- **Work to be completed**:
Copy the data verbatim and leave out every picture.

- **Materials provided**:
>>>>

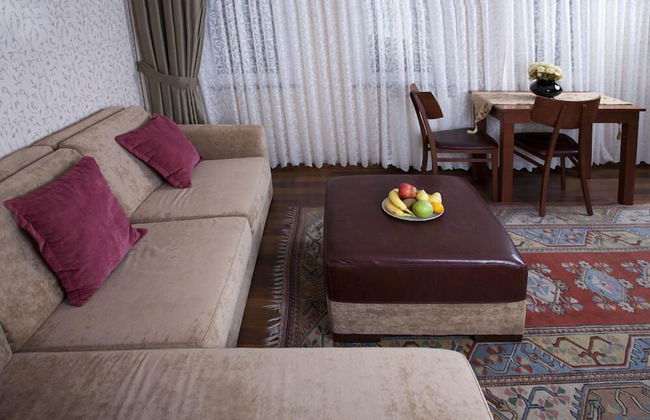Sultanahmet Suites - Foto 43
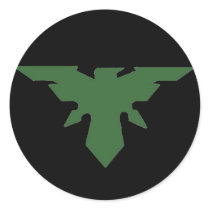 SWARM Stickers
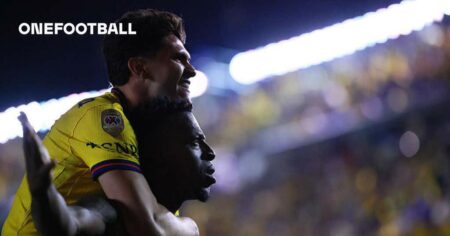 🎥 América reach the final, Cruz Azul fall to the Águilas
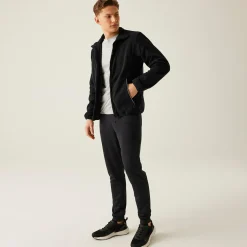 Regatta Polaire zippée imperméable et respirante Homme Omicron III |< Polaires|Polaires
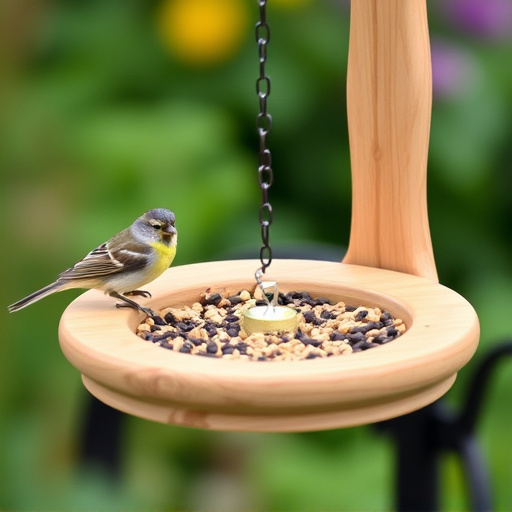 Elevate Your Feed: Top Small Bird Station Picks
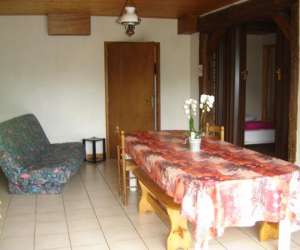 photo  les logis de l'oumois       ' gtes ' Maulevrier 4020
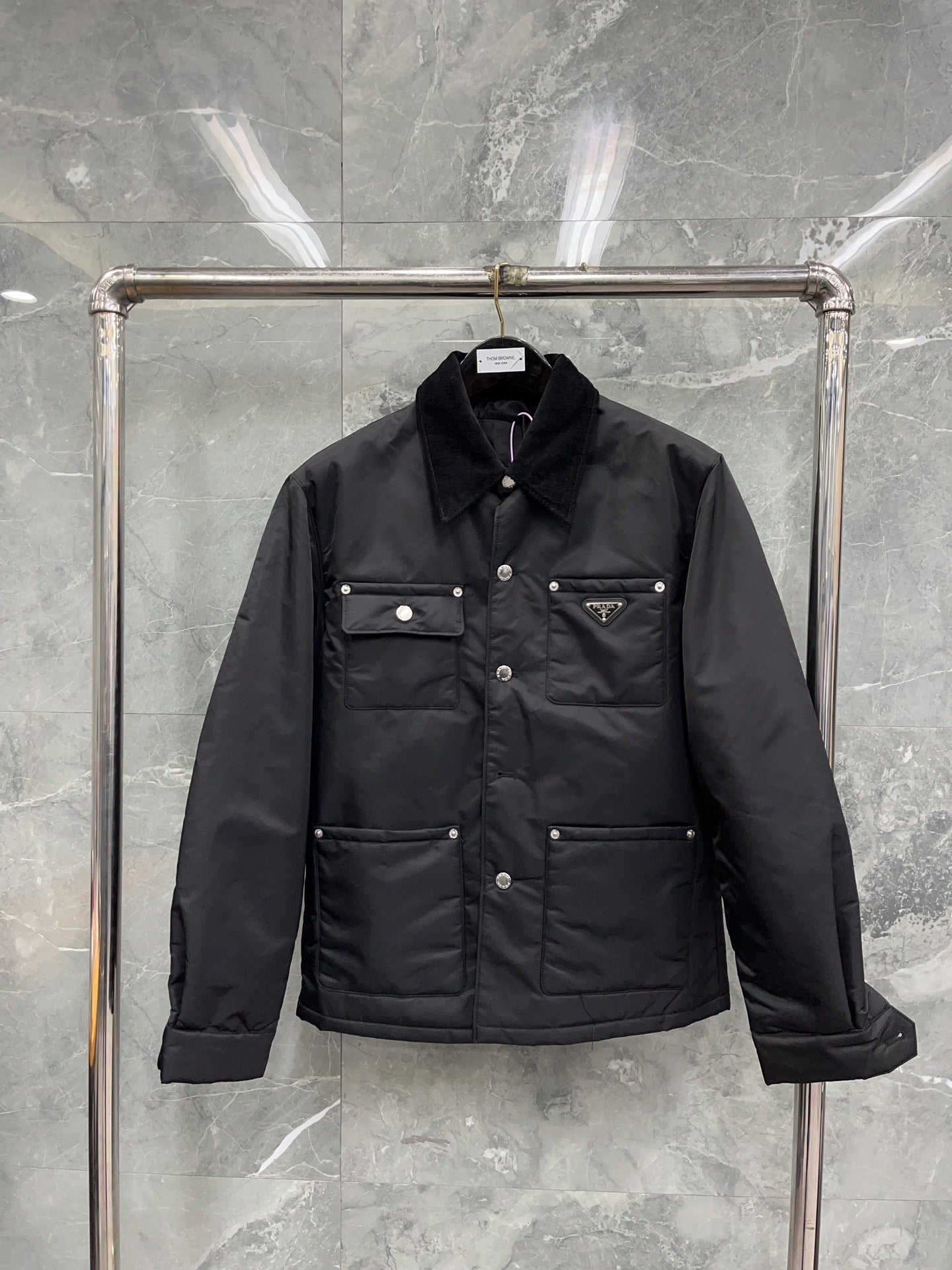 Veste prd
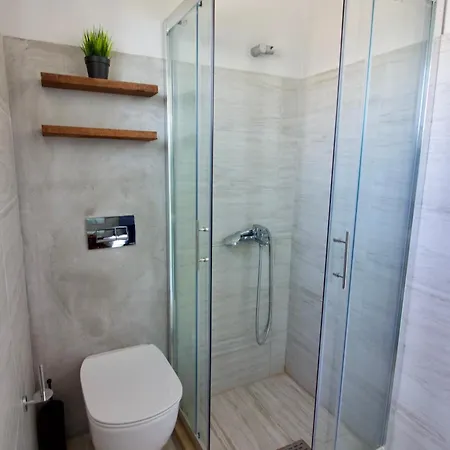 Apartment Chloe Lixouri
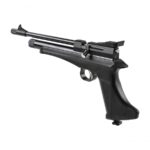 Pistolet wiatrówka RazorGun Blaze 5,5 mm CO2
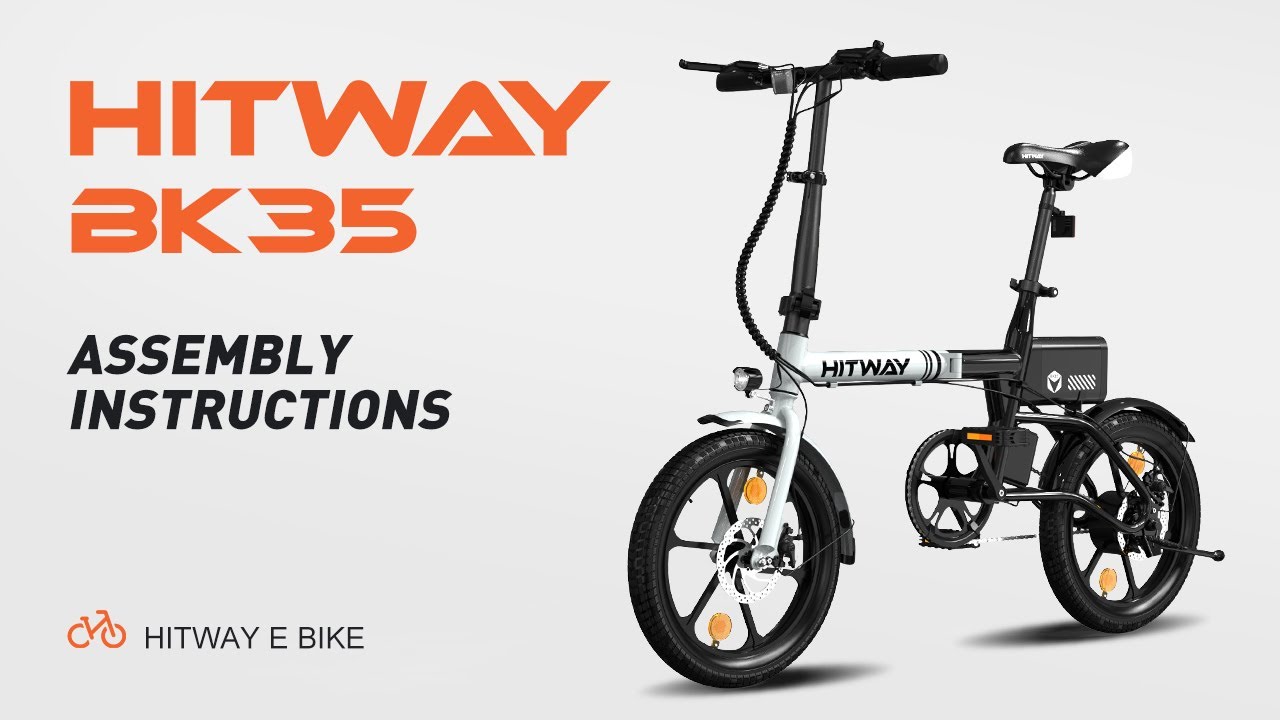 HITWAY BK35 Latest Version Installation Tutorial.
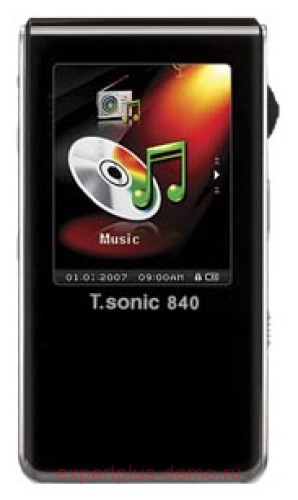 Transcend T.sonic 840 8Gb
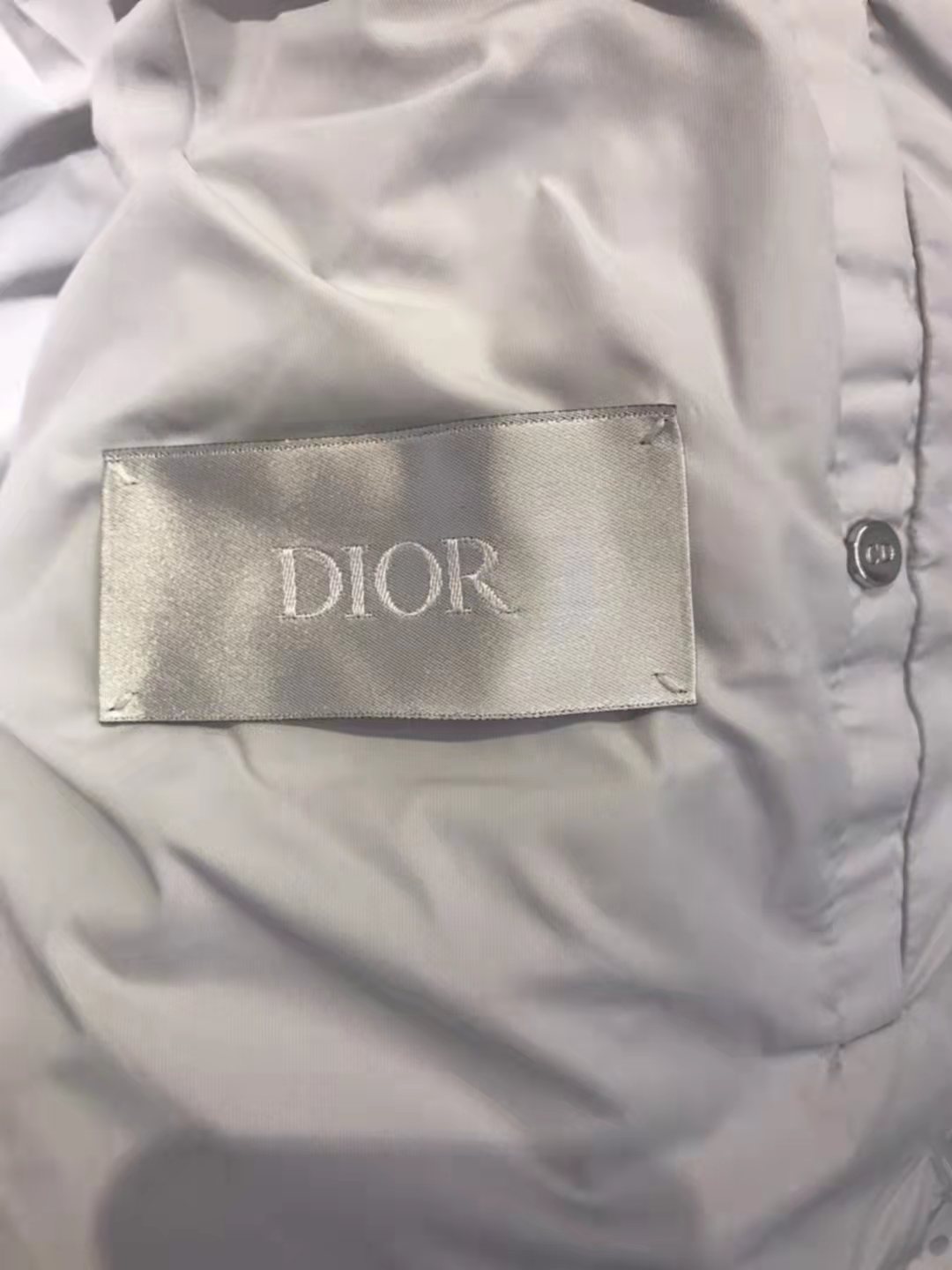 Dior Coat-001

<<<<

- **Solution for this task**:
Sultanahmet Suites - Foto 43
 SWARM Stickers
 🎥 América reach the final, Cruz Azul fall to the Águilas
 Regatta Polaire zippée imperméable et respirante Homme Omicron III |< Polaires|Polaires
 Elevate Your Feed: Top Small Bird Station Picks
 photo  les logis de l'oumois       ' gtes ' Maulevrier 4020
 Veste prd
 Apartment Chloe Lixouri
 Pistolet wiatrówka RazorGun Blaze 5,5 mm CO2
 HITWAY BK35 Latest Version Installation Tutorial.
 Transcend T.sonic 840 8Gb
 Dior Coat-001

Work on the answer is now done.